- _TO DO_: Copy only what lies from the line containing "6841 Lokai Court - Photo Thumbnail 27" through the line containing "700 2nd Ave #C" in the entries below, keeping both end lines exact and dropping every picture.

- _PROVIDED DATA_:
.....

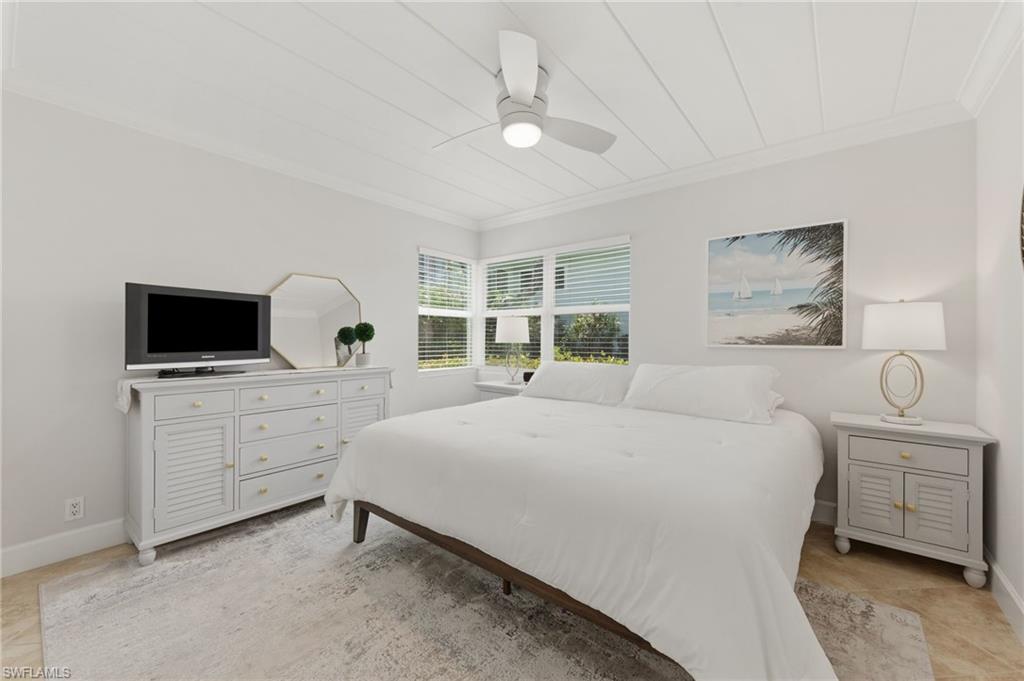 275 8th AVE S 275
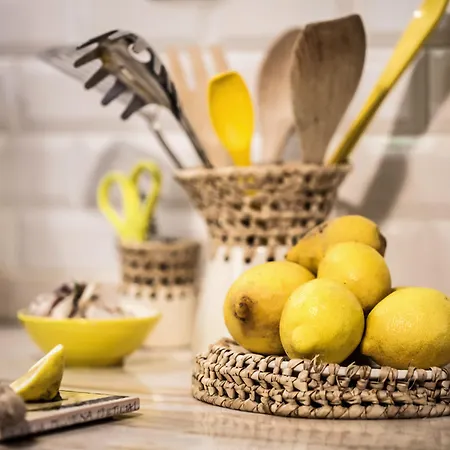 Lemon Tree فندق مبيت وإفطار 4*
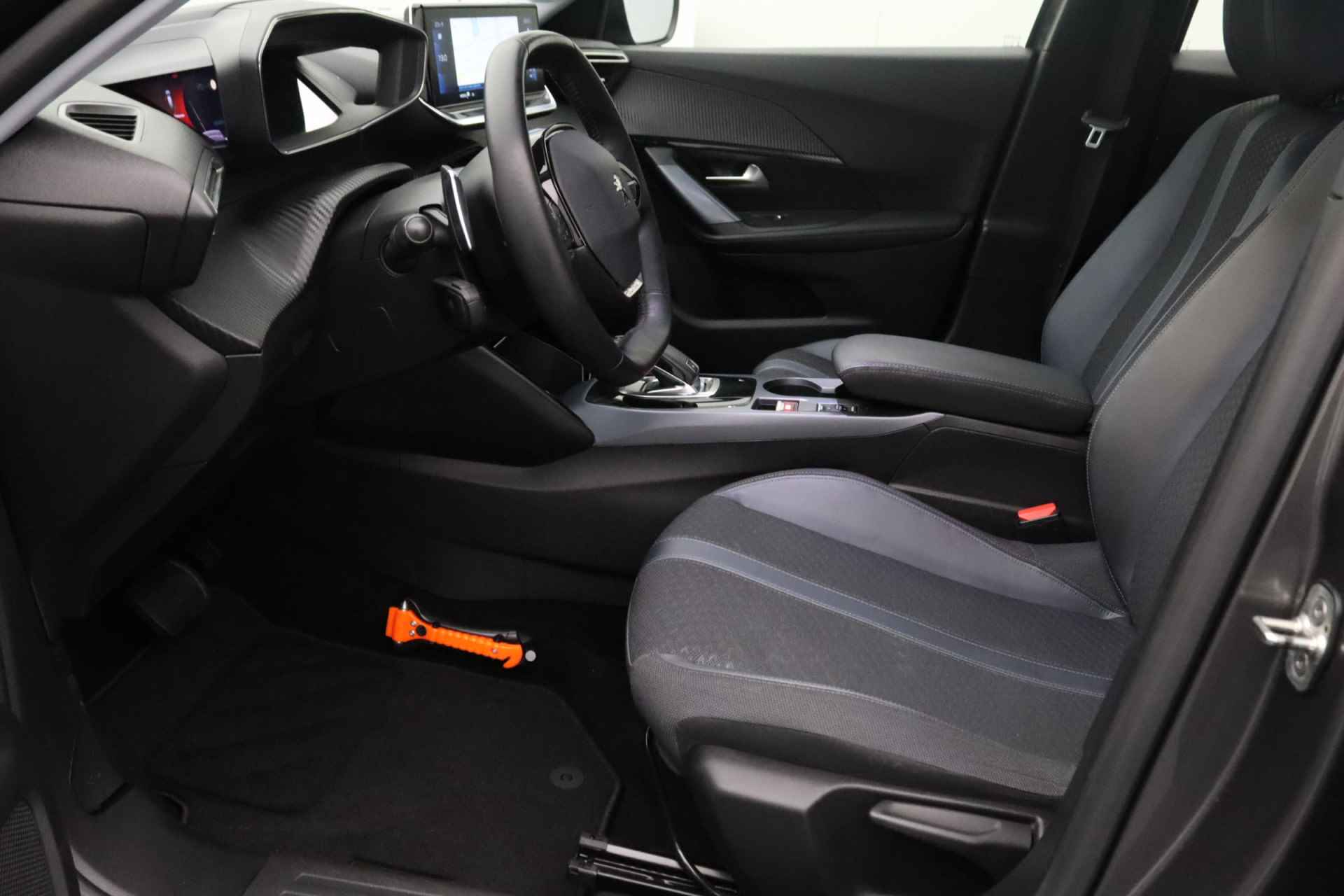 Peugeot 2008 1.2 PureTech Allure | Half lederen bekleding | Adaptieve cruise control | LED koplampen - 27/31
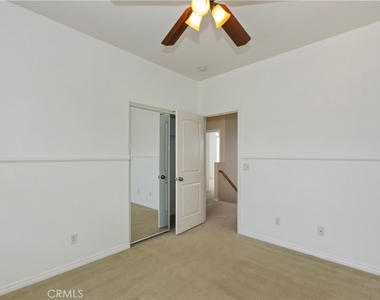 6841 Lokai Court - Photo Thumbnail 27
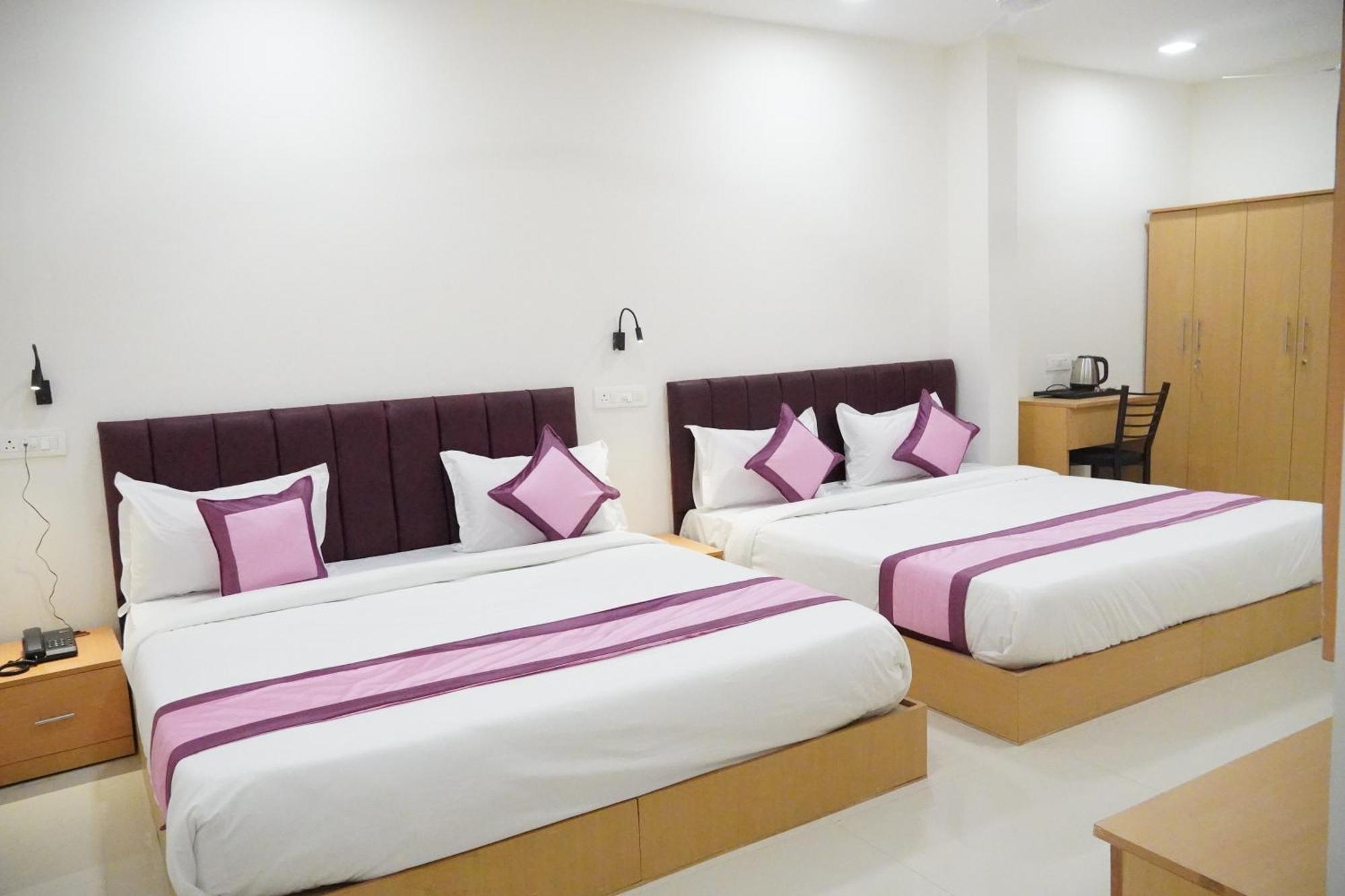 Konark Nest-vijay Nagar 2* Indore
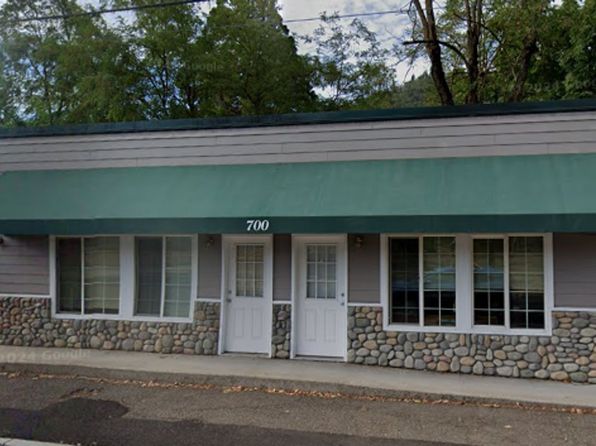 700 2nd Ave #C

.....

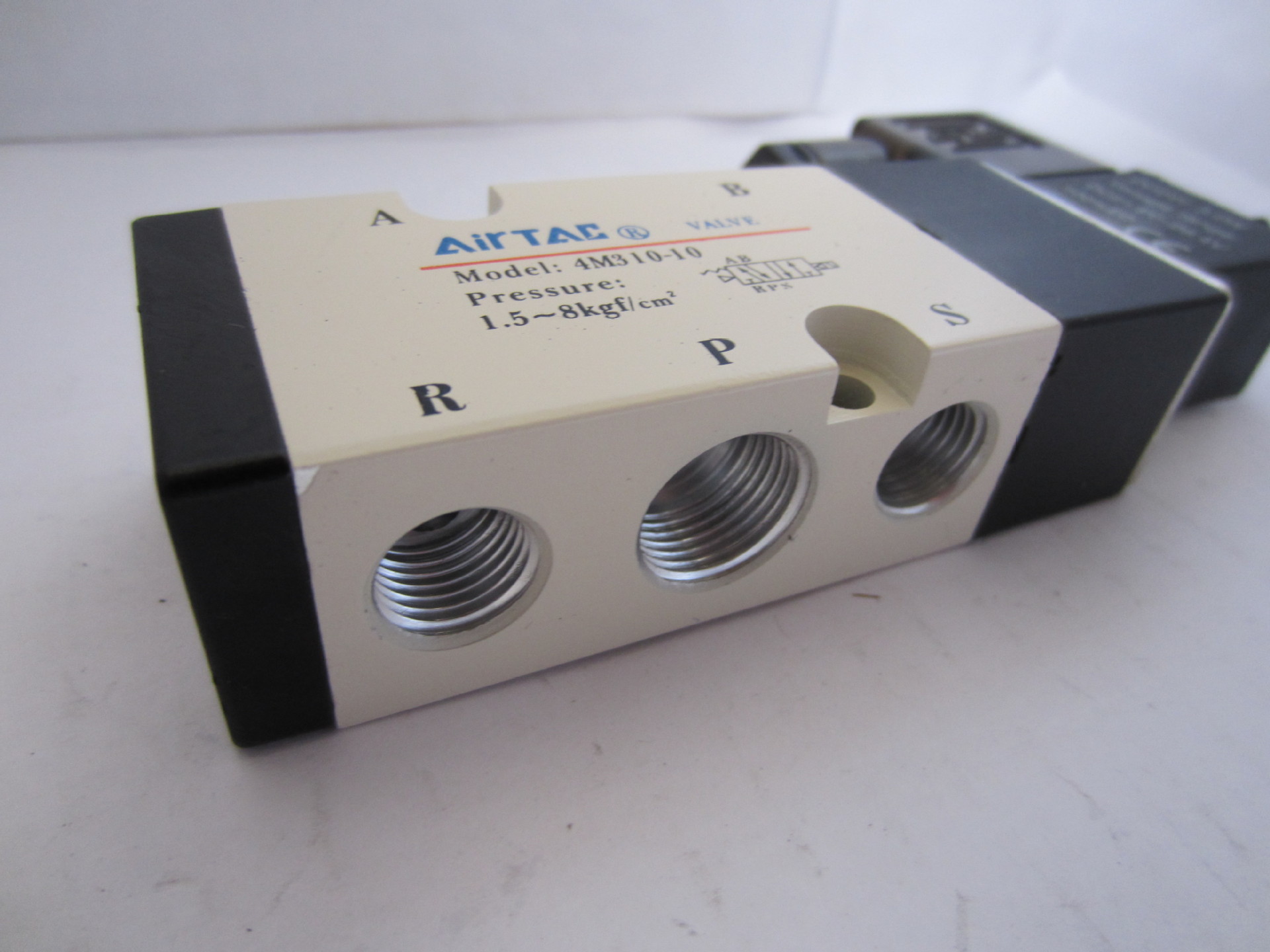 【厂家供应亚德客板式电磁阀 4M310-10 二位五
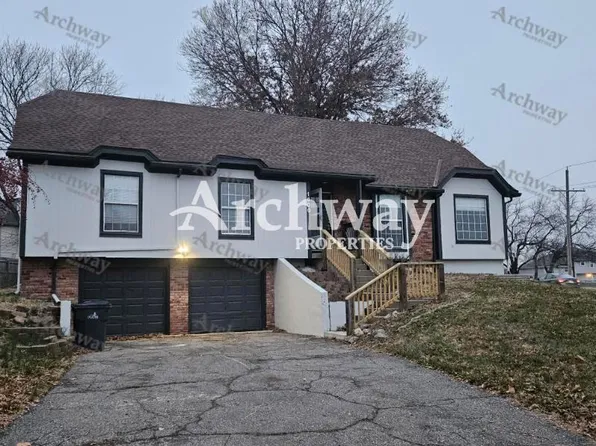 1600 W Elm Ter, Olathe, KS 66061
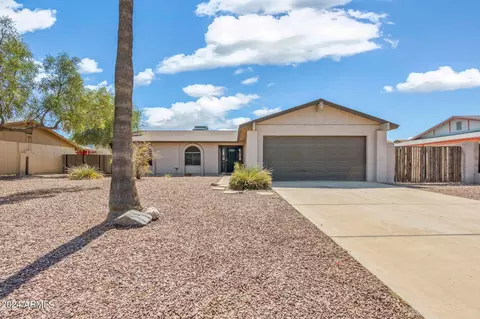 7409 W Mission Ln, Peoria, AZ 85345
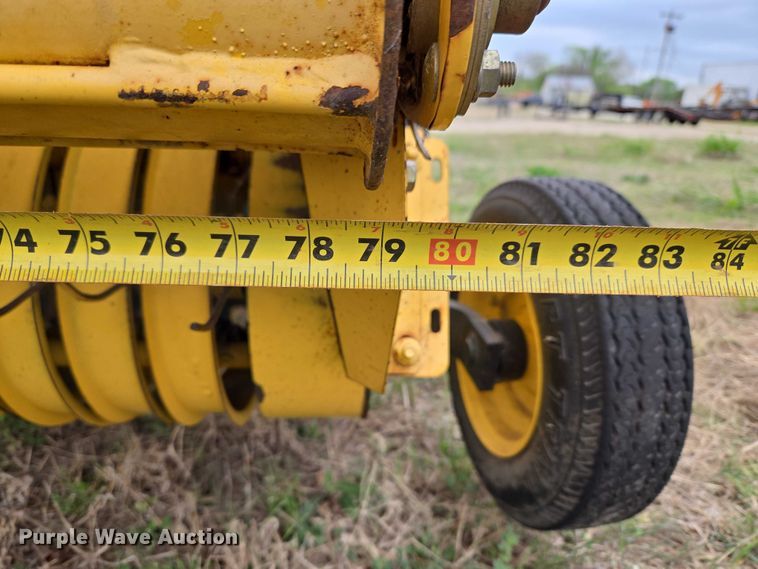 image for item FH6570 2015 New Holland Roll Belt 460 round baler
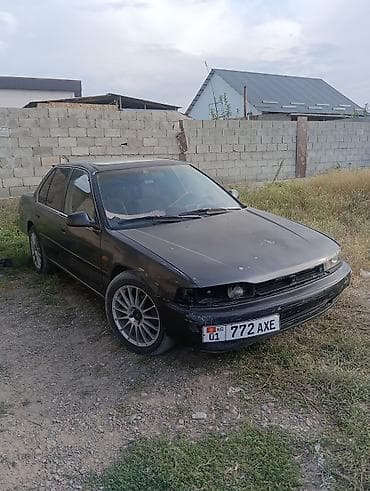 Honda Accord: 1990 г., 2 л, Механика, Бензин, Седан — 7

.....

- _TASK RESULT_:
 6841 Lokai Court - Photo Thumbnail 27
 Konark Nest-vijay Nagar 2* Indore
 700 2nd Ave #C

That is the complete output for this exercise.